Интервью с Евгением Рейном в "Литературной Газете"
Игорь Панин: К Евгению Рейну в Переделкино я приехал солнечным мартовским днём. Мэтр встречал меня на веранде своего дома, дымя сигаретой. Осведомившись, легко ли я добрался и сразу ли нашёл нужную улицу, он пригласил меня в дом, где мы проговорили несколько часов, отвлекаясь на перекуры или для того, чтобы выпить по рюмке коньяку. Впрочем, разговор плавно продолжался и за этими нехитрыми занятиями.– Евгений Борисович, вы отслеживаете современные тенденции в литературе, читаете стихи новомодных авторов в Интернете?
– Стараюсь отслеживать. Я ведь профессор Литинститута. Интернет, конечно, изменил ситуацию в нашей словесности. Тем не менее, на мой взгляд, литература – это явление профессиональное, которое до сих пор принадлежит письменности. Главным носителем литературы и по сей день является книга, печать. Что будет лет через 20, я предсказывать не берусь. Те авторы, что представляют для меня сейчас русскую литературу, особенно поэты, – это люди, которые печатаются в журналах, альманахах, издают книги. В годы моей молодости и чуть ли не до конца прошлого века существовала большая проблема утверждения себя в печати. Необходимо было туда как-то пробиваться, пройти через цензуру, через редактуру. При советской власти это была двойственная проблема. Существовали идеологическая блокада, цензура, но присутствовал здесь и позитивный момент, потому что отсеивались конкретные графоманы, ну и просто случайные люди. Теперь этого почти нет, особенно в Интернете, где каждый себе и автор, и редактор.
– А если конкретнее о нынешней литературе, о поэзии…
– Сейчас, мне кажется, никакого преобладающего стиля в литературе, в поэзии не существует. Всё слилось в общую кашу постмодернизма, а потом разбилось на какие-то отдельные участки.

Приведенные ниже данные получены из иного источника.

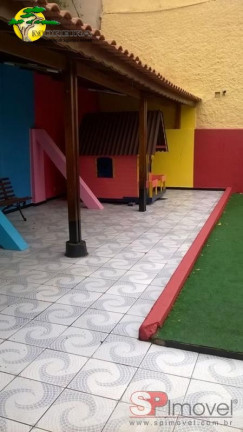 Imagem Apartamento com 2 Quartos à Venda, 48 m² em Casa Verde Alta - São Paulo Imagem Apartamento com 2 Quartos à Venda, 48 m² em Casa Verde Alta - São Paulo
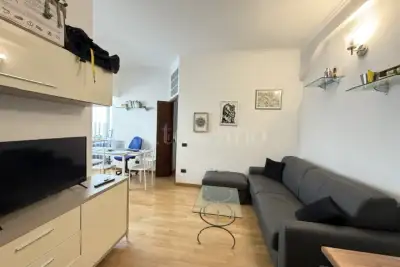 Casa in vendita, Via Tuscolana, Roma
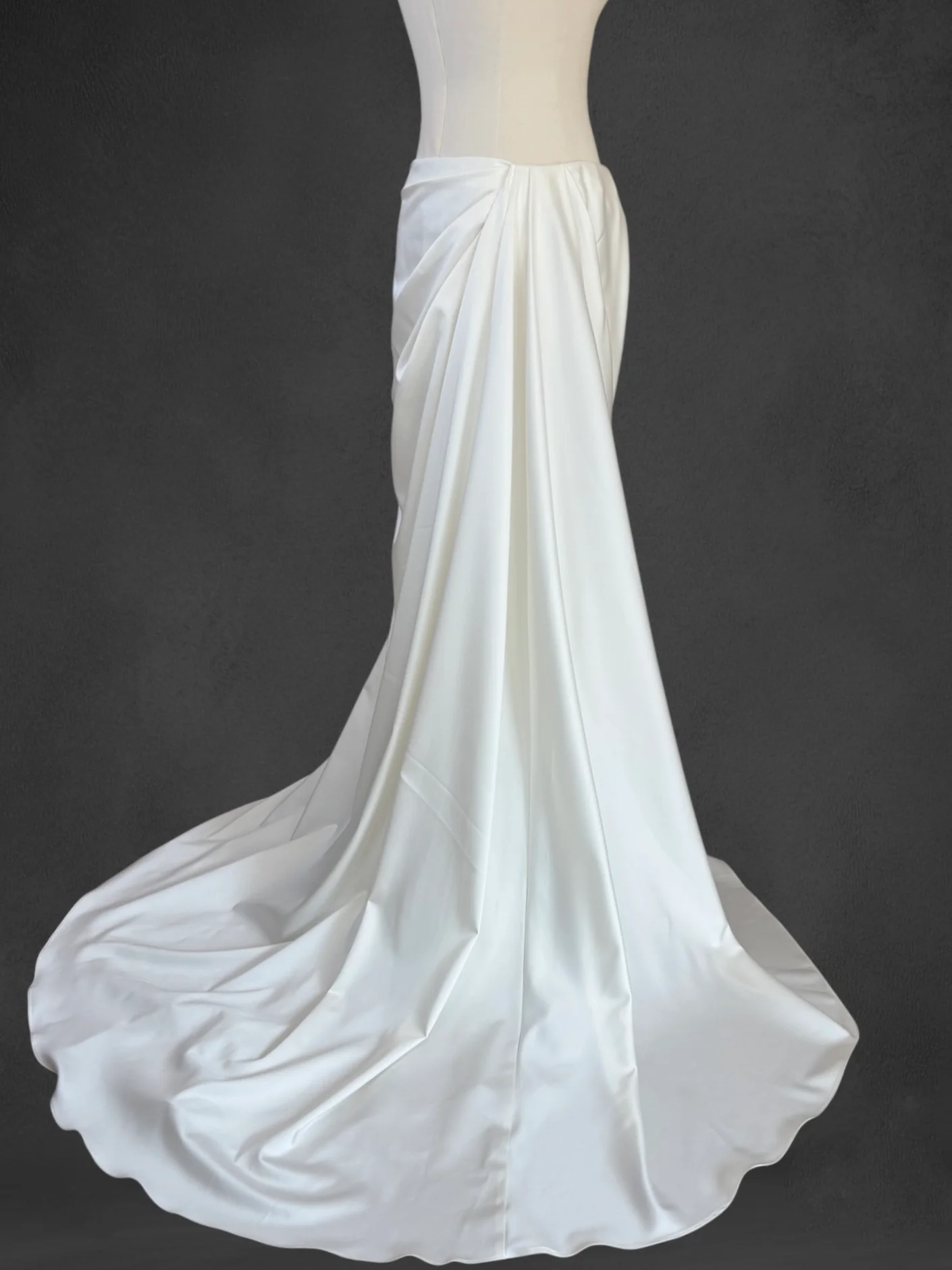 Isola Skirt - Image 5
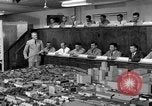 Image of International students at Fort Gordon Georgia United States USA, 1962, second 40 stock footage video 65675070838
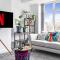 3-Bed, Sleeps 6, Near M1/M62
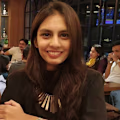 Sakina avatar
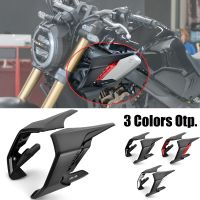 ☜กระดองปีกแอโรไดนามิกส์ด้านหน้าสำหรับ Honda CB 650R 2019-2023 CB650R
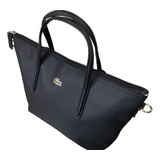 Bolsa Lacoste Tote Concept Para Dama Clasica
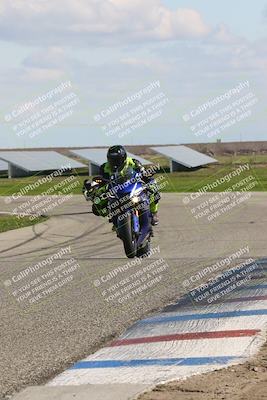 media/Feb-10-2024-TrackDaz (Sat) [[d83b097a69]]/C Group/1240pm (Wheelie Bump)/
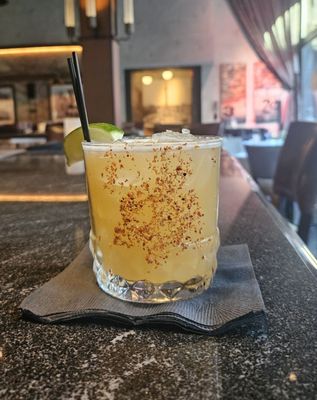 Del Frisco's Double Eagle Steakhouse by null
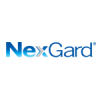 NEXGARD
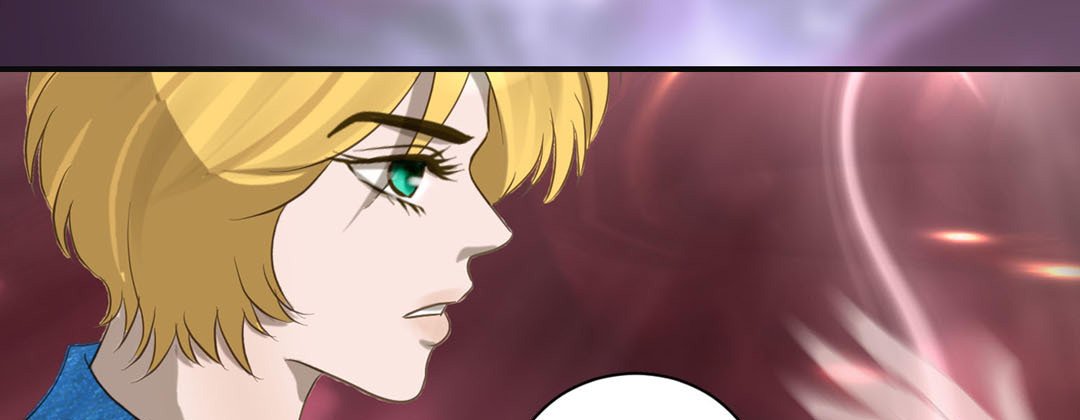 Read Living With the Wizard chapter 41 image 16 on Lezhin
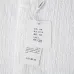 22Armani Tracksuits for Armani short tracksuits for men #99904052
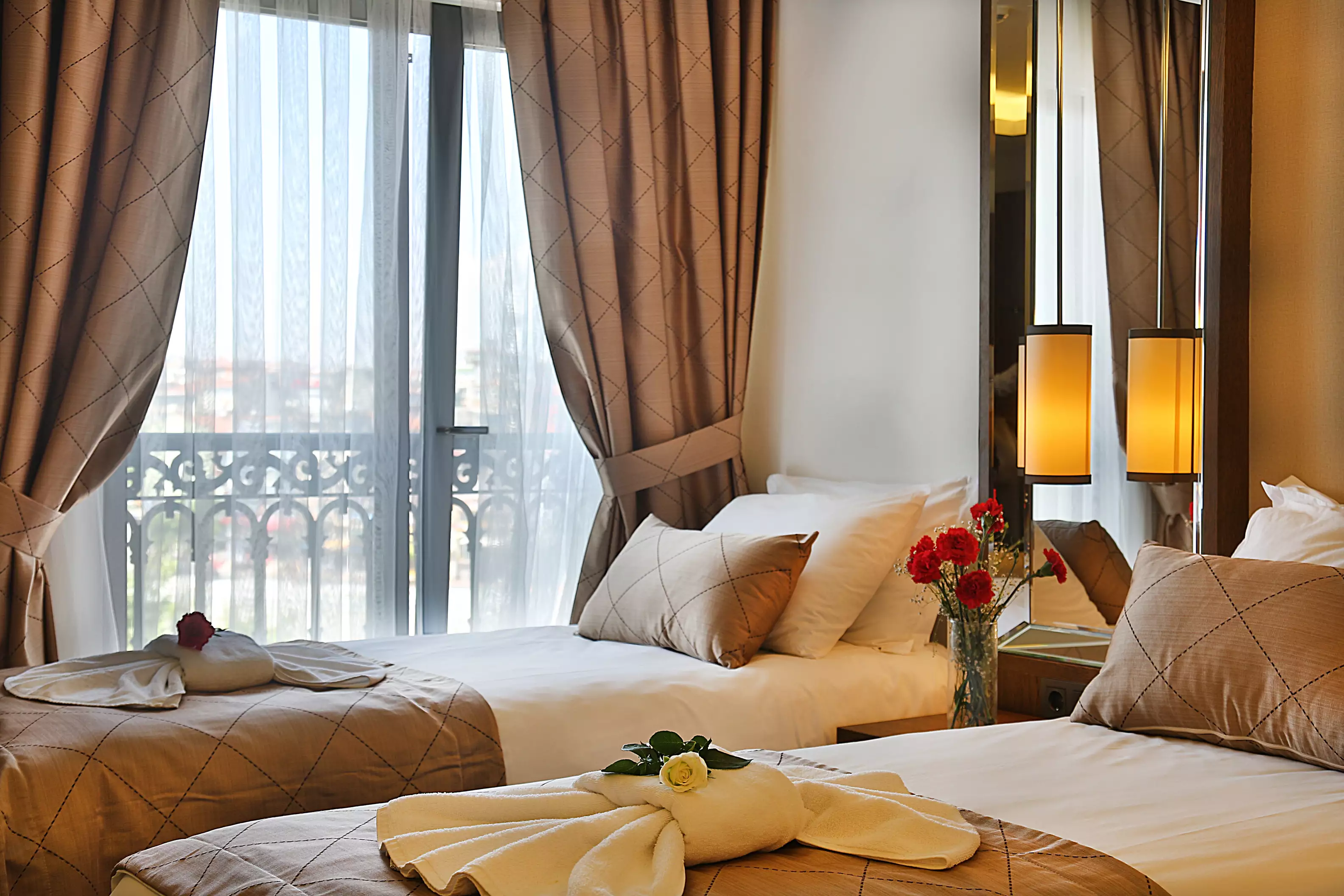 Alibaba https://cdn.alibaba.ir/ostorage/hotel-accommodation-images/687f793aa1e6f83605b76cec_Istanbul-Grand-Sagcanlar-Hotel-0.webp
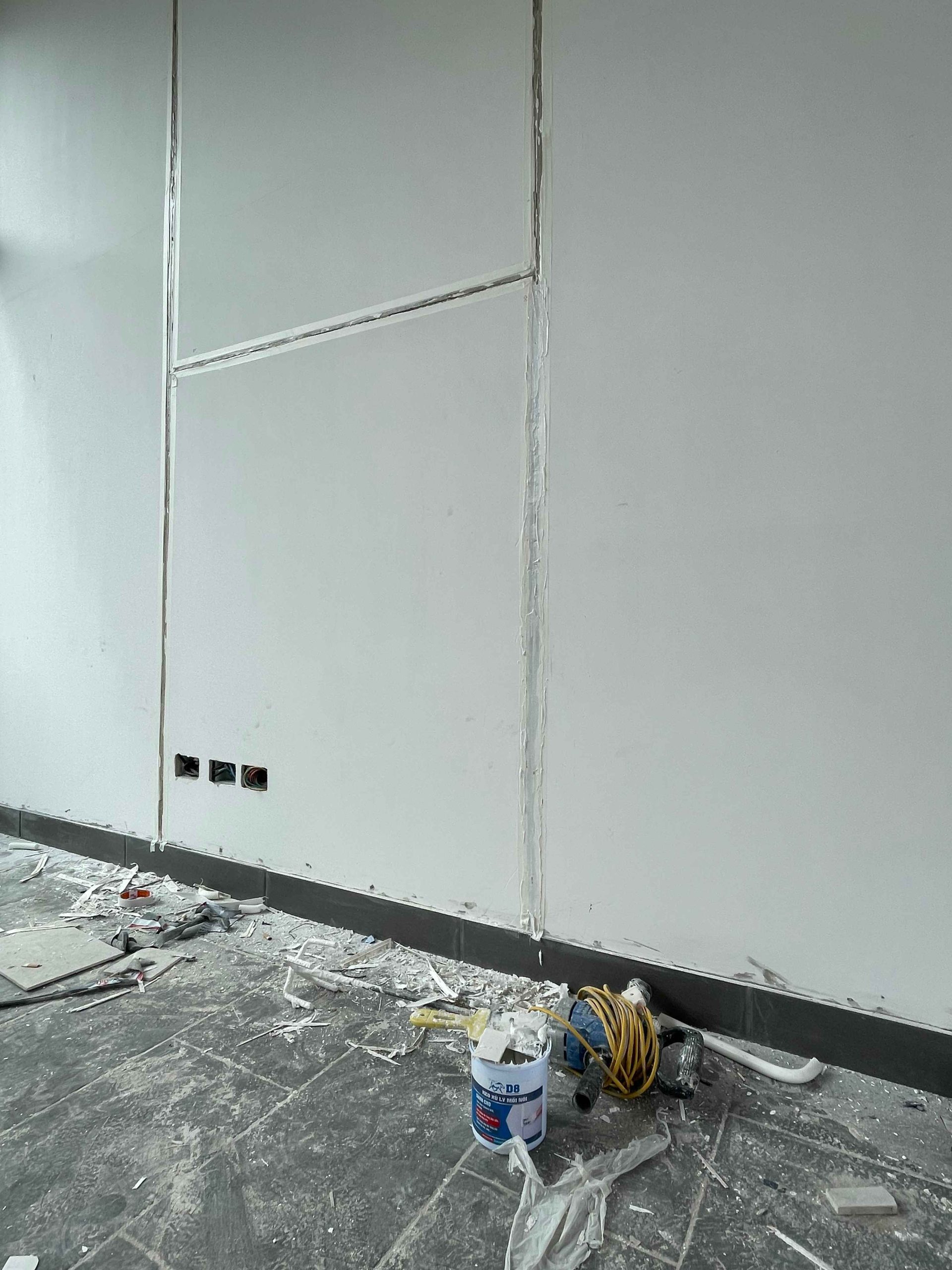 trường Quốc Tế Lycée Français Alexandre Yersin14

Существуют группы и подгруппы поэтов, которые организованы больше по поколениям. Ну, допустим, люди, которые примерно одного со мной возраста: Белла Ахмадулина, Лев Лосев, Олег Чухонцев, Глеб Горбовский, Игорь Шкляревский, Александр Кушнер. Потом следующее поколение, давшее очень много одарённых поэтов, авторы, входившие в разные объединения: Сергей Гандлевский, Бахыт Кенжеев, Елена Шварц, Алексей Цветков, Алексей Пурин. Кто-то уже давно от нас ушёл: Леонид Губанов, Юрий Кузнецов, не говоря уже об Иосифе Бродском, а ведь это были личности! Что касается молодых, то появлялись и появляются отдельные любопытные фигуры, некоторых уже тоже нет в живых, как Бориса Рыжего или Дениса Новикова. Ну я могу ещё назвать из относительно молодых Елену Фанайлову, Дмитрия Воденникова, Александра Кабанова, Евгению Изварину. Вот, собственно, вкратце. Но какого-то могучего цветения в поэзии я сейчас не наблюдаю. Я совсем не консерватор, я не склонен к тому, чтобы говорить: «Да, были люди в наше время…» Но вот я был председателем премии «Дебют», очень много читал и стихов, и прозы молодых и не могу даже припомнить, чтобы кто-то меня поразил или хотя бы задел.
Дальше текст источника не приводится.